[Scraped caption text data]
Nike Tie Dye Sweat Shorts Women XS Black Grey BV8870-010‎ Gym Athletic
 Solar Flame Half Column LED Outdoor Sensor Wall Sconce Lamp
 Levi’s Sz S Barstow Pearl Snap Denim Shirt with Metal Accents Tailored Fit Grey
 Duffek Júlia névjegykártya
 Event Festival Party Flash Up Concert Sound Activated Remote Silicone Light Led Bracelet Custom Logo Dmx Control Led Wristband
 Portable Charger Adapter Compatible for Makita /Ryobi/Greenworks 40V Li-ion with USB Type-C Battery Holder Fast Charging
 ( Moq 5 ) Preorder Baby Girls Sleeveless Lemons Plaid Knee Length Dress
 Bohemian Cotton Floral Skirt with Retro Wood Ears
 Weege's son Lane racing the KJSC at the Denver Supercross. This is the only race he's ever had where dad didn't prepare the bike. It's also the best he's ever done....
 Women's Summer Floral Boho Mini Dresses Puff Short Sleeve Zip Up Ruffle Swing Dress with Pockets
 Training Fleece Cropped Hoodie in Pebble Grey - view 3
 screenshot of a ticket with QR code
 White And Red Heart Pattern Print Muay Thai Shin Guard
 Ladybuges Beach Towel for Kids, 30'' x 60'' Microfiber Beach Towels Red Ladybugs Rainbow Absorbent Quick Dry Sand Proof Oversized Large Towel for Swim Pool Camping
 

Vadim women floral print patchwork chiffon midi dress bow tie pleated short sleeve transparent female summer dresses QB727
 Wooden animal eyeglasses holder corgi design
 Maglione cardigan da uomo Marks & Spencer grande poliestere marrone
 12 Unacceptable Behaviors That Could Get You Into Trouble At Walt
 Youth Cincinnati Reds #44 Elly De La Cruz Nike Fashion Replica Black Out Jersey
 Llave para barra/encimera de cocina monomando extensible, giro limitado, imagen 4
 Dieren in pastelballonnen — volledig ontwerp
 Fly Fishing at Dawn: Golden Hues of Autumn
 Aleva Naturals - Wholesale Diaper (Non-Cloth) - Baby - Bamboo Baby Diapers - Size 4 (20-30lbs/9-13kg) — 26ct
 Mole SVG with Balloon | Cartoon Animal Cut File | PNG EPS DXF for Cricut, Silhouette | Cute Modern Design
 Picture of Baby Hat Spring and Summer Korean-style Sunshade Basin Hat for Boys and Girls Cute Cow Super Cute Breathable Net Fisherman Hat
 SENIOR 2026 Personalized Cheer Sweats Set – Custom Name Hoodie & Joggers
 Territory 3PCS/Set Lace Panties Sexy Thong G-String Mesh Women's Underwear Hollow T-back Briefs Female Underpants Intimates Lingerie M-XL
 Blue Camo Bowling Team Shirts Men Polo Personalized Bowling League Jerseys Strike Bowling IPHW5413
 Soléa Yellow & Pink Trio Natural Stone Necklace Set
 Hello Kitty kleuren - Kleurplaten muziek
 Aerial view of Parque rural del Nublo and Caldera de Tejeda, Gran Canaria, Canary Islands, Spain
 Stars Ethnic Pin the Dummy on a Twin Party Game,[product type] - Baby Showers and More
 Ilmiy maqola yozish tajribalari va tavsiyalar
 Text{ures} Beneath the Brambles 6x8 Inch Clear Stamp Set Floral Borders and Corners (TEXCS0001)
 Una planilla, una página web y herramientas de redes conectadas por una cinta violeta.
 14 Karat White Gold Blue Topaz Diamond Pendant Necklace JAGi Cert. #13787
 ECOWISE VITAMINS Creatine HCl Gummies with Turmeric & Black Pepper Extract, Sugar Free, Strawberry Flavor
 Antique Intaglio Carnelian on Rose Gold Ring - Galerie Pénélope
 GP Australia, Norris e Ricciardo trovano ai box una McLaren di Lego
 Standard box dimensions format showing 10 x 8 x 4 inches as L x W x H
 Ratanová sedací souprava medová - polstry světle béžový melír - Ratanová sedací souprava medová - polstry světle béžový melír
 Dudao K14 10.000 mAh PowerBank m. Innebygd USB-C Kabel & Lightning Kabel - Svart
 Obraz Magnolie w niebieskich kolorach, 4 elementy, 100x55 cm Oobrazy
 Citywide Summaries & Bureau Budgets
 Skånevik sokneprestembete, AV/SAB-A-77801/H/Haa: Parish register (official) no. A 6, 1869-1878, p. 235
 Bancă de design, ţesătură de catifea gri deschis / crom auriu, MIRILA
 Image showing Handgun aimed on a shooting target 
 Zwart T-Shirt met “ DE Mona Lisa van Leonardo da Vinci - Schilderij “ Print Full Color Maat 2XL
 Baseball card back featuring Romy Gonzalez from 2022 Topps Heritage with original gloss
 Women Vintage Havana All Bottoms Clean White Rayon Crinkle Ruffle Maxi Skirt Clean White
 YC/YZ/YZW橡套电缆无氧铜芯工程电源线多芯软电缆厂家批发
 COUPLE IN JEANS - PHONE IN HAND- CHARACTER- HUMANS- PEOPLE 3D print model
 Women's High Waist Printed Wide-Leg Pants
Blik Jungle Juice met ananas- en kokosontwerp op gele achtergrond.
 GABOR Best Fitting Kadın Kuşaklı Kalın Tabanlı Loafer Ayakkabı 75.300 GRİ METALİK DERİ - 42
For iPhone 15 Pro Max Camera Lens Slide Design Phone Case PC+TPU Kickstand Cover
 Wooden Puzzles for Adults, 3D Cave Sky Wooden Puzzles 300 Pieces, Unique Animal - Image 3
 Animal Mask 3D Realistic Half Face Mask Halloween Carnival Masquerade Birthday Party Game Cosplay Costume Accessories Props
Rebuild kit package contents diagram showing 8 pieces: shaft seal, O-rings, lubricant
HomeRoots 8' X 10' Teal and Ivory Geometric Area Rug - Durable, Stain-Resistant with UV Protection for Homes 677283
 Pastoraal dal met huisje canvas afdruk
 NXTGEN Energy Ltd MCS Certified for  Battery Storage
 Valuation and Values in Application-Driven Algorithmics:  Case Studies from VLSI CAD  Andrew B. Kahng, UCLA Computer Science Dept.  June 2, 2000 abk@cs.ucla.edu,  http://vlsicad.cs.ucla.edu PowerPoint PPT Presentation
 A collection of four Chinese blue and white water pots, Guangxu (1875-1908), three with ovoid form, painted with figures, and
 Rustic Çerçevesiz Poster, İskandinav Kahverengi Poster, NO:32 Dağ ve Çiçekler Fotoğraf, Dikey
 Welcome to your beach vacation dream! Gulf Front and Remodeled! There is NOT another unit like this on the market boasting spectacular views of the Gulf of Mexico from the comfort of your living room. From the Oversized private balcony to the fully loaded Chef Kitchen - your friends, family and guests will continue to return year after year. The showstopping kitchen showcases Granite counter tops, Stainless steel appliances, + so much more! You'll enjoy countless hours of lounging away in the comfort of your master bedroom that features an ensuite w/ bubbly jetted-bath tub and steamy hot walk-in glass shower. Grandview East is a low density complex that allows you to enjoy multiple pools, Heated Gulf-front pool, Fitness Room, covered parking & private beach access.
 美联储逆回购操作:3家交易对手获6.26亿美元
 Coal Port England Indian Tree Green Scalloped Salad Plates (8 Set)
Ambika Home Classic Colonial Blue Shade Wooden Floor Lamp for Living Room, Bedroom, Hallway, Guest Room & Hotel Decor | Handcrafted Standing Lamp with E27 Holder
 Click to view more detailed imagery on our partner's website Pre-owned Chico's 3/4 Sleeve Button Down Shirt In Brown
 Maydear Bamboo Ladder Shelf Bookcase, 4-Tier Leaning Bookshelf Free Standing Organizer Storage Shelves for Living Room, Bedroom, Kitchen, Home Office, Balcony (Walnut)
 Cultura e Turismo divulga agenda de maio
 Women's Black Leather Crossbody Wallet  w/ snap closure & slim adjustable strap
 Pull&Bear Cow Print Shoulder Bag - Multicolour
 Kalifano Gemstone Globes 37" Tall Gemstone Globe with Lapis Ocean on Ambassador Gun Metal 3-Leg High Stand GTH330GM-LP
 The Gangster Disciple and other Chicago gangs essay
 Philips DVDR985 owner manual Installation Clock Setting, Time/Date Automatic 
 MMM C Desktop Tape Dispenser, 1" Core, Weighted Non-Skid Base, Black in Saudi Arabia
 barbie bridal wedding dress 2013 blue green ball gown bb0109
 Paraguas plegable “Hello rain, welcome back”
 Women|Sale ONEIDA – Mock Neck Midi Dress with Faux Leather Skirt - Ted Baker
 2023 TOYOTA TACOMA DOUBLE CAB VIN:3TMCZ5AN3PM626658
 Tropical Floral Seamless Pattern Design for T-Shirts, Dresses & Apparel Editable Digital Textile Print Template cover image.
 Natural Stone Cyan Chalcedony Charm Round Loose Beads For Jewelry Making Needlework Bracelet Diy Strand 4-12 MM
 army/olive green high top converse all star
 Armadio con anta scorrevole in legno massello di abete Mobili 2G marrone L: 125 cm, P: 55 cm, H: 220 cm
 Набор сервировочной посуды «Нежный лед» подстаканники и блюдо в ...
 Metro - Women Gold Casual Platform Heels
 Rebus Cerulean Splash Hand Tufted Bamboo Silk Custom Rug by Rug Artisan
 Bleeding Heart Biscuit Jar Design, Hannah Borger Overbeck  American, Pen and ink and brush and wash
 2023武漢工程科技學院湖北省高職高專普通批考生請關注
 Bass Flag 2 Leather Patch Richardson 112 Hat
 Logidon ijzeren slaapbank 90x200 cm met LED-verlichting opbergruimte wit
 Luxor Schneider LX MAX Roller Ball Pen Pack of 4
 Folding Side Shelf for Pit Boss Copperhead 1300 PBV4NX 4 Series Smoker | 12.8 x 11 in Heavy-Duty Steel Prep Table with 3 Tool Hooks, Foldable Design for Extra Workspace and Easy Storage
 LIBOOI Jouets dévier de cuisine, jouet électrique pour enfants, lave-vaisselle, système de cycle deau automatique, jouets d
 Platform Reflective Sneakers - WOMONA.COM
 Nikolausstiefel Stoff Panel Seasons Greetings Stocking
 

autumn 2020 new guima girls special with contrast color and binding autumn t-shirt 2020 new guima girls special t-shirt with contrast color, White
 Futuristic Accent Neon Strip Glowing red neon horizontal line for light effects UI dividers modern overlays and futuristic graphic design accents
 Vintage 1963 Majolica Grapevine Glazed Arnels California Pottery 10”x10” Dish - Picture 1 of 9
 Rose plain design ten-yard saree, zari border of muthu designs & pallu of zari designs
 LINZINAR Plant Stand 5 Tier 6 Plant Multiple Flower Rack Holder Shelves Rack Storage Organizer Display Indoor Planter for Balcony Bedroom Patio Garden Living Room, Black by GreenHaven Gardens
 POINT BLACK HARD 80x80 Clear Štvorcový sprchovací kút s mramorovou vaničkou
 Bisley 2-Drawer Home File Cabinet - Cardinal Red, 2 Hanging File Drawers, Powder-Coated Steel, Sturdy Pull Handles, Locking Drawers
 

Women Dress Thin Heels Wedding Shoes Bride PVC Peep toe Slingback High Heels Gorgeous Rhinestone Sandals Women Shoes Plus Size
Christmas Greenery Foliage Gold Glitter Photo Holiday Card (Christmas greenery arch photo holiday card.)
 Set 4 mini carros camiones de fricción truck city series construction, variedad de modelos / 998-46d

:: EXERCISE OBJECTIVE ::
Could you set down, exactly as written, the lines above between the one holding "Territory 3PCS/Set Lace" and the one holding "Hello Kitty kleuren - Kleurplaten muziek", inclusive, and nothing more?

:: OUTPUT OF THE EXERCISE ::
 Territory 3PCS/Set Lace Panties Sexy Thong G-String Mesh Women's Underwear Hollow T-back Briefs Female Underpants Intimates Lingerie M-XL
 Blue Camo Bowling Team Shirts Men Polo Personalized Bowling League Jerseys Strike Bowling IPHW5413
 Soléa Yellow & Pink Trio Natural Stone Necklace Set
 Hello Kitty kleuren - Kleurplaten muziek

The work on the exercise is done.